Suspecting the truth of the transaction data presented by the exchanges may seem like a conspiracy theory. However, Yin Wu, founder of the DIRT Protocol, published an article in Medium presenting relevant arguments on the subject. According to the expert, the exchanges ranking “encourage” to lie about their volume of transactions. This is because firms with the highest volume of transactions gain prominence in portals that display rankings on them.

Considering only the reliable marketcap, the fall in the value of this metric is impressive. Most cryptocurrencies would have a more than 90% reduction in value. This is the case of bitcoin, which would suffer a reduction of 95% and of ethereum classic, with 97% reduction. However, the conclusion of Yin Wu’s article is that, even with the gigantic drop in the indicator, the largest cryptocurrencies still remain a strong market. The same does not happen with many small altcoins that would not have enough liquidity for the market.

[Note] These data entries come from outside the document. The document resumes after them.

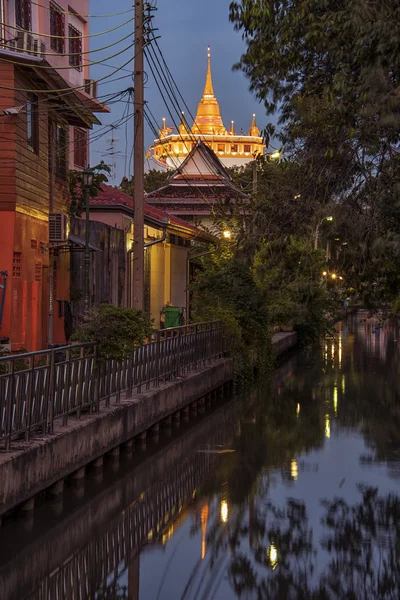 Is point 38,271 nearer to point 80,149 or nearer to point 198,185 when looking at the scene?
point 80,149

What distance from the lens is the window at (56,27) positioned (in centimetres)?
3231

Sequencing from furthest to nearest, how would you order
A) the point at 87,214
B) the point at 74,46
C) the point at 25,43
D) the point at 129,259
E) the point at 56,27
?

See the 10 largest cryptocurrencies in marketcap:

The Apocalypse scenario?

Although Yin Wu’s article presents strong arguments about the overvaluation of the marketcap, he disregards important issues. Considering only ten exchanges, Wu stipulates that the whole volume of transactions of the cryptocurrencies outside them is zero. However, this is far from true, since cryptocurrencies have a strong OTC market. In addition, there are cases of exchanges, such as LocalBitcoins, which already has a volume almost eight times greater than the Caracas stock exchange.